#### [Your objective]
Without pictures, return the lines from the one containing "in hurry 128402655" through the last line of the data below, exactly.

#### [Data provided]
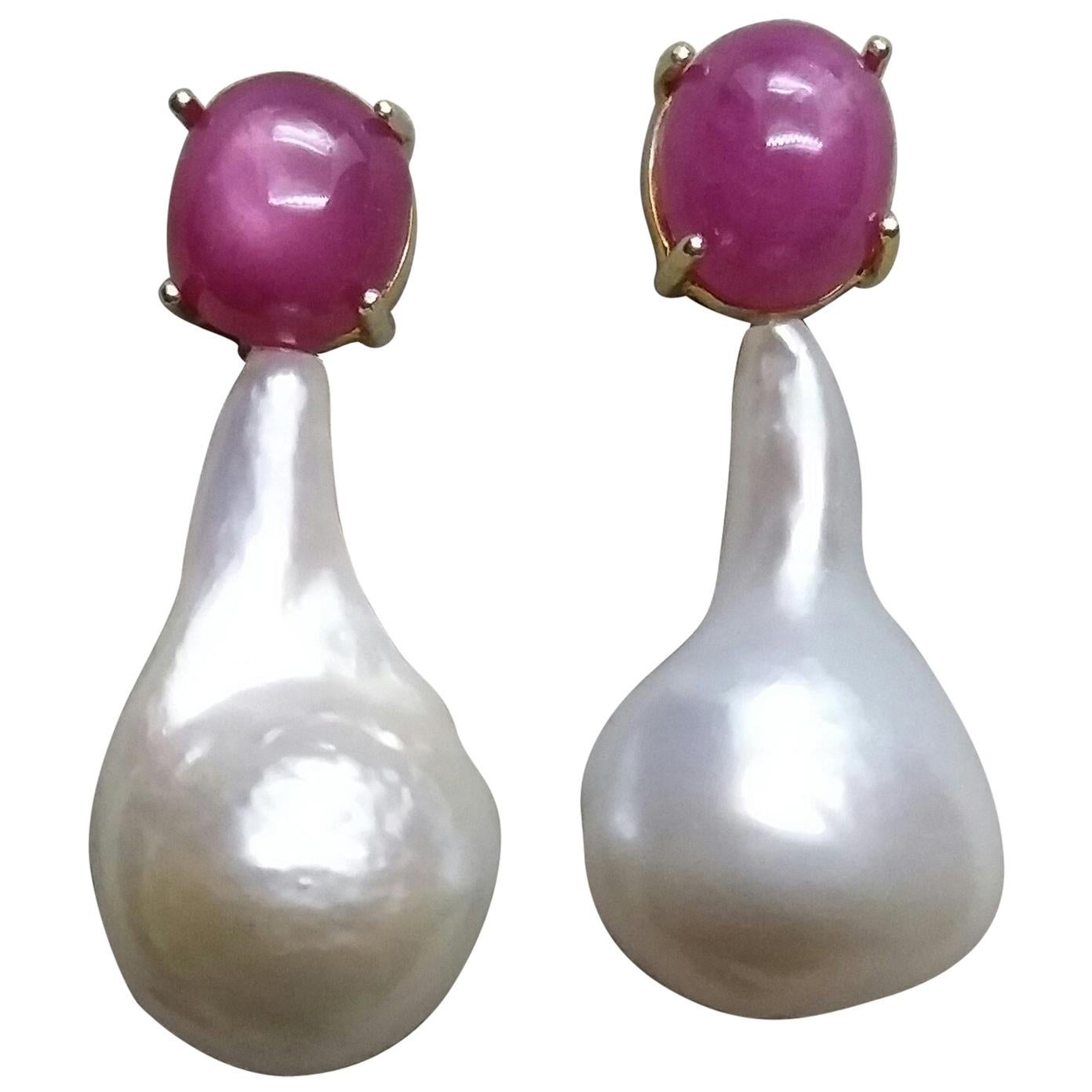 Big Size Pear Shape Baroque Pearls Oval Ruby Cabochon 14 Karat Gold Earrings For Sale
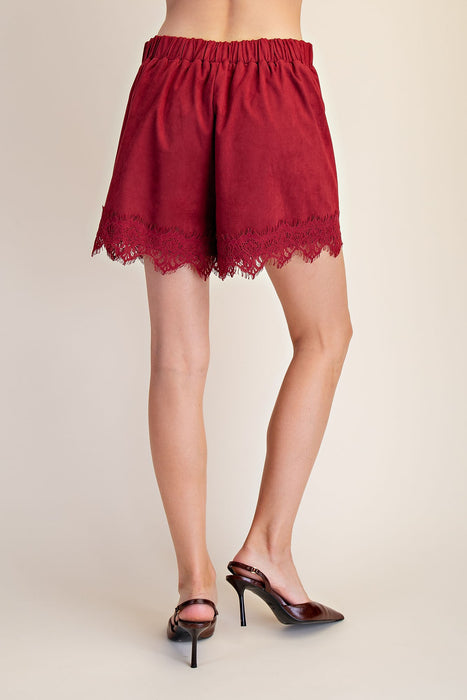Lace Trim Suede Shorts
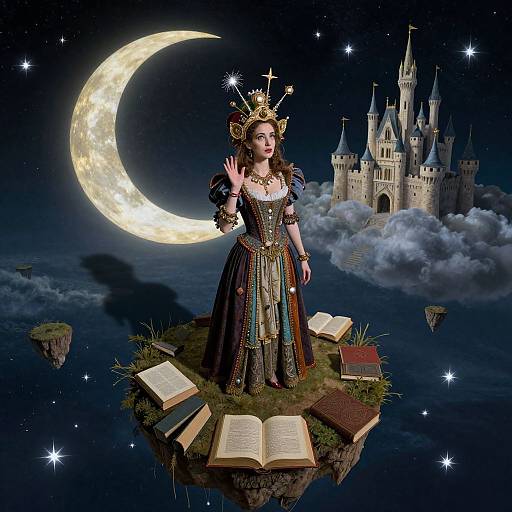 Magical queen in elaborate crown and gown, surrounded by floating books, stands on island under crescent moon, with enchanted castle. Digital fantasy art.
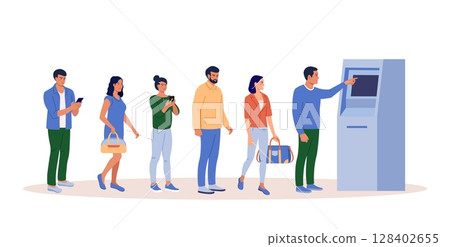 People are waiting in line near ATM machine to withdraw money. Business woman and man are standing in queue. Characters perform financial transactions using ATM terminal in hurry People are waiting in line near ATM machine to withdraw money. Business woman and man are standing in queue. Characters perform financial transactions using ATM terminal in hurry 128402655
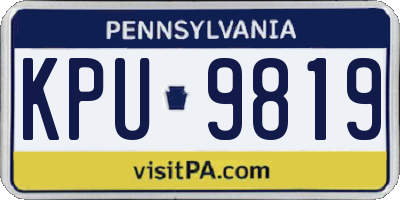 PA license plate KPU9819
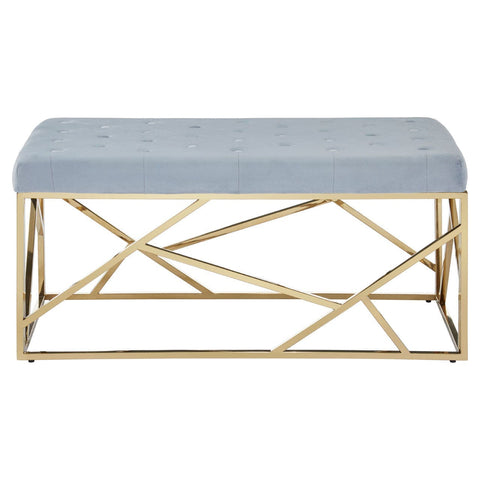 Allure Gold / Powder Blue Velvet Bench - SE Home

#### [Exercise solution]
 People are waiting in line near ATM machine to withdraw money. Business woman and man are standing in queue. Characters perform financial transactions using ATM terminal in hurry People are waiting in line near ATM machine to withdraw money. Business woman and man are standing in queue. Characters perform financial transactions using ATM terminal in hurry 128402655
 PA license plate KPU9819
 Allure Gold / Powder Blue Velvet Bench - SE Home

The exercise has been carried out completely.